Current rules allow reduced rates for still ciders below 8.5% abv. Therefore, the government could introduce a new duty band below 7.5% to split the main still cider band into two. The government is minded to introduce a new still cider and perry duty band to target high strength ‘white’ ciders, up to 7.5% abv. All products captured by this new band would pay a higher duty rate than their current rate. Those still ciders and perries in the lowest duty band would continue to pay the current duty rate.
However as with most areas of fiscal policy, predicting and attempting to account for potential consumer and business responses is an important matter. Those in the treasury will fear 'perverse incentives' as much as businesses may fear for the profitability of their products, whilst public health groups will want to be sure that the end result ultimately disincentivises white cider production or purchasing - or both. As such, the consultation specifically requests responses on how splitting the current tax band should be done, and the potential consequences of different approaches on the different stakeholder interests.
Incentivising lower strength wines?
Less expected was the inclusion of a possible new wine band in the consultation. Relatively little attention to the issue of wine strength has been seen in recent duty debates, albeit that wine consumption has risen dramatically since 1980, and is the most popular UK drink category. Average wine ABVs have also been on an upward trend, partly as a result of rising temperatures and production methods in the global wine market.
The consultation states:
The government would support any future changes to EU rules to allow the duty on wine to rise in line with alcoholic strength. This could help encourage the production and consumption of lower strength wines. In the meantime, the government would welcome evidence on the impacts a new duty band for still wine and made-wine between 5.5% and 8.5% abv could have in encouraging innovation in the lower strength wine market and encouraging the consumption of lower strength wines.

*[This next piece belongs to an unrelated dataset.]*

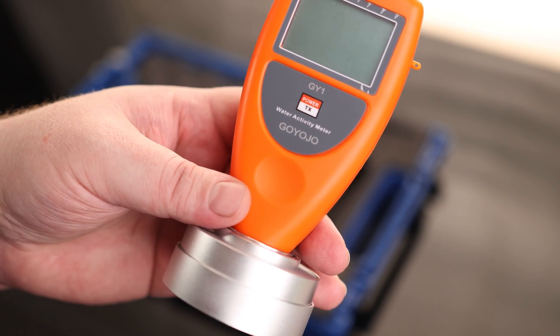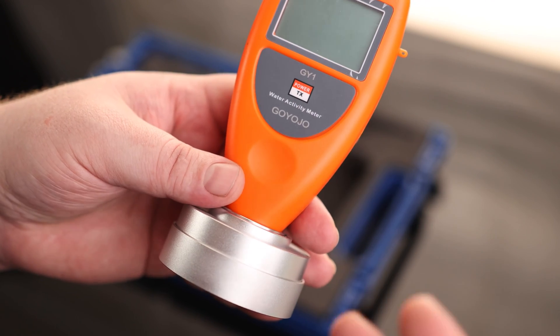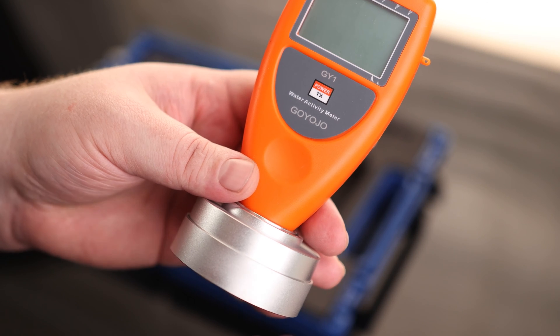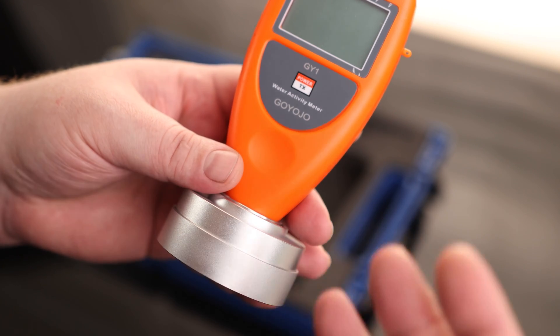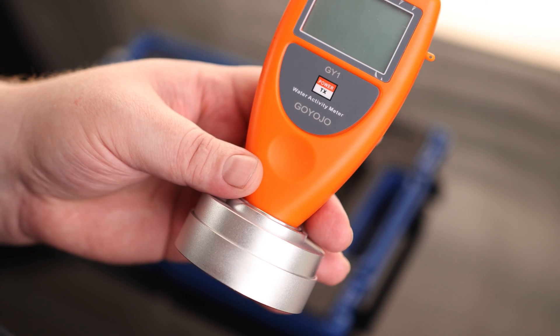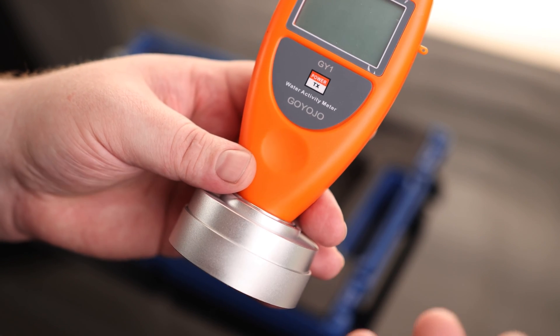Water activity is a different thing than water content. Water content is just overall water and that includes water that is already bound to the product. Water activity is going to measure unbound water, or water energy — water that's available for microbial growth. So this is going to be a much more useful tool if you're trying to find out if your product is going to be able to grow mold.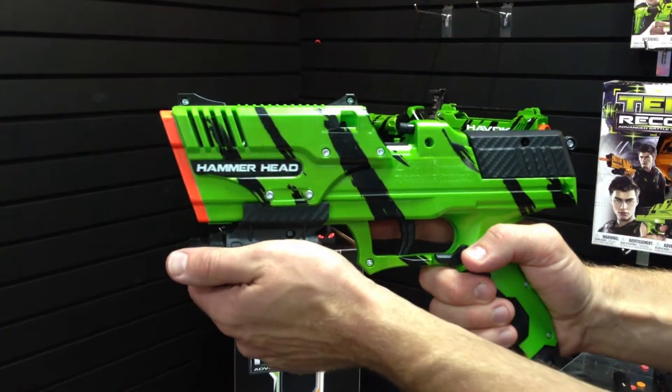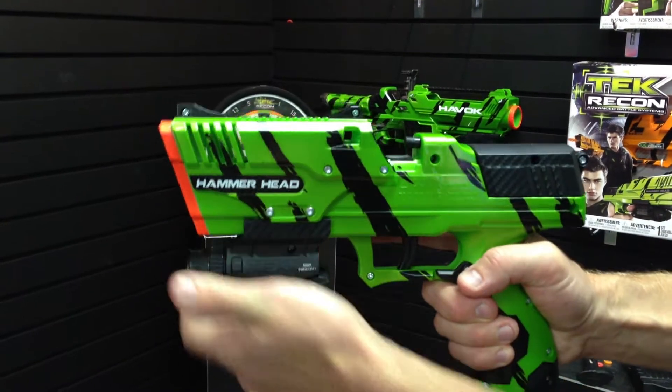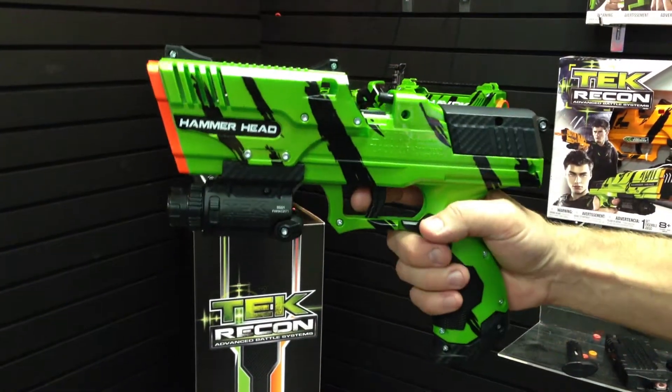First we'll show you the pump action. Hold it, pull it all the way back and then let it go all the way forward between cycles. That allows you to reload in the chamber for great fires every time.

EU law however requires that there has to be a single band for wine between 8.5% and 15% ABV, but given the average strength of wine as around 13% ABV, it is unclear whether any significant proportion of typical wine drinkers would be interested in such a lower ABV product. On the other hand, the rise of more 'health conscious' consumers and drinkers actively trying to reduce their consumption may prove otherwise. A wider question though may be over the extent to which lower strength products can actually reduce population consumption, as raised by previous research suggesting such products may actually result in additional drinking occasions and questions over the former responsibility deal's impact.